- Born: New Brunswick, Canada
- Education: McGill University
- Occupations: Playwright, theatre director
- Spouse: Ann-Marie MacDonald
- Writing career
- Subject: Theatre

= Alisa Palmer =

Canadian playwright and theatre director

Alisa Palmer is a Canadian theatre director and playwright. She was the artistic director of Nightwood Theatre from 1993 to 2001. Palmer served as the artistic director of the English section of the National Theatre School of Canada for eleven years, departing the school in 2024.

== Early life ==
Born and raised in New Brunswick, Canada, Alisa Palmer completed a degree in history at McGill University. Her theatre education was based in Montreal and included training with Philippe Gaulier of L'École Internationale de Théâtre Jacques Lecoq (Bouffon and Masque Neutre), Cirque du Soleil (acrobatics), L'École de Mime Corporel de Montréal under Jean Asselin as well as periods of study with Brazilian director Augusto Boal.

== Career ==
Palmer's first interaction with Toronto-based Nightwood Theatre was at the 1987 Groundswell Festival, where she performed with the improv group, Hysterical Women. Following that festival, Palmer directed two shows before joining Nightwood's leadership team. In 1993, Palmer and Diane Roberts were appointed co-artistic directors of Nightwood Theatre, succeeding Kate Lushington. In 1995, Palmer was appointed the sole artistic director of the company. Palmer's leadership at Nightwood was instrumental in confirming the company's move away from a collective to a "legitimate" theatre company.

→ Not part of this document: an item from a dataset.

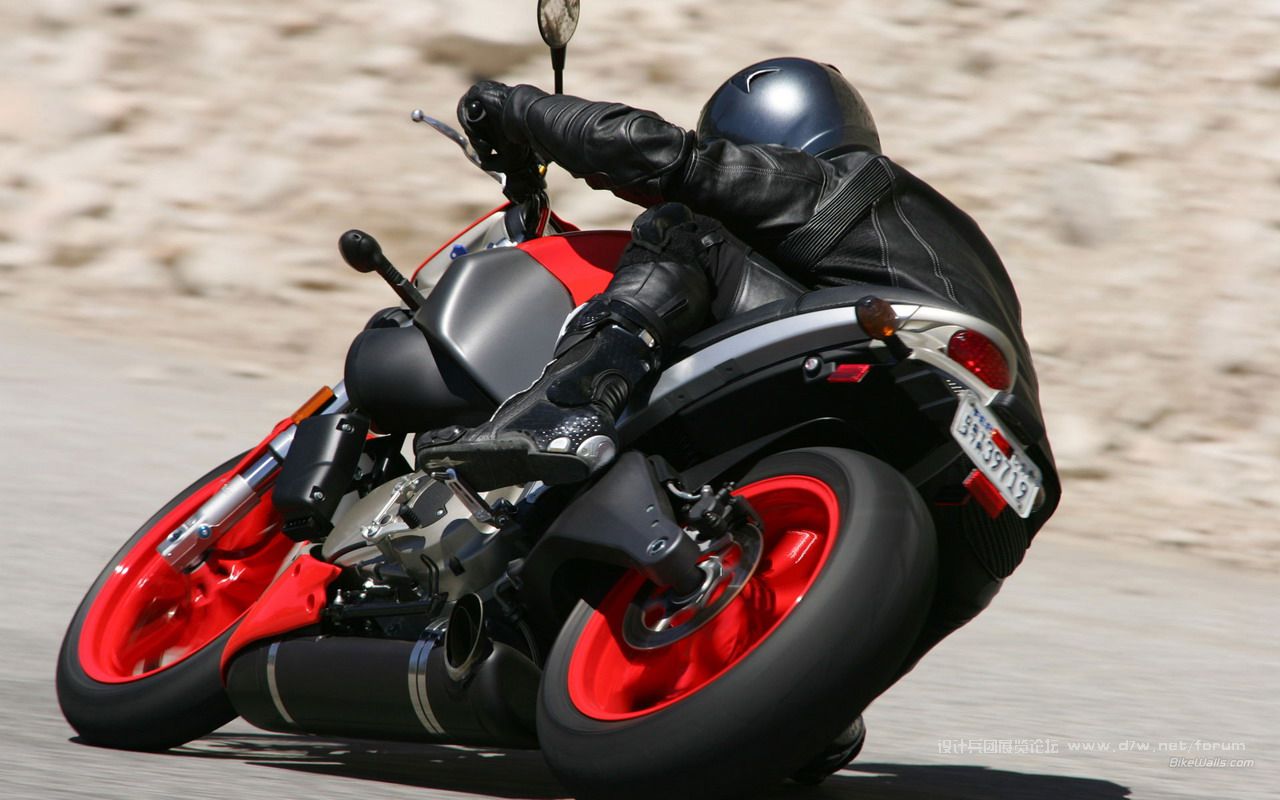 Buell_lightning_long_XB12Ss_2007_04_1920x1200.jpg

In 1995, Palmer directed the play The Attic, The Pearls, and Three Fine Girls, which she co-created with Ann-Marie MacDonald, Leah Cherniak, Jennifer Brewin, and Martha Ross. The play was performed by Theatre Columbus, a clown-inspired company created by Leah Cherniak and Martha Ross, and co-starred MacDonald, Cherniak, and Ross. The Attic was nominated for several Dora Mavor Moore awards in the Small Theatre division, including for Outstanding New Play or Musical and for Outstanding Direction. In 2011, Palmer and all of the original cast members except Cherniak, staged a sequel to The Attic called More Fine Girls. More Fine Girls was performed at Tarragon Theatre.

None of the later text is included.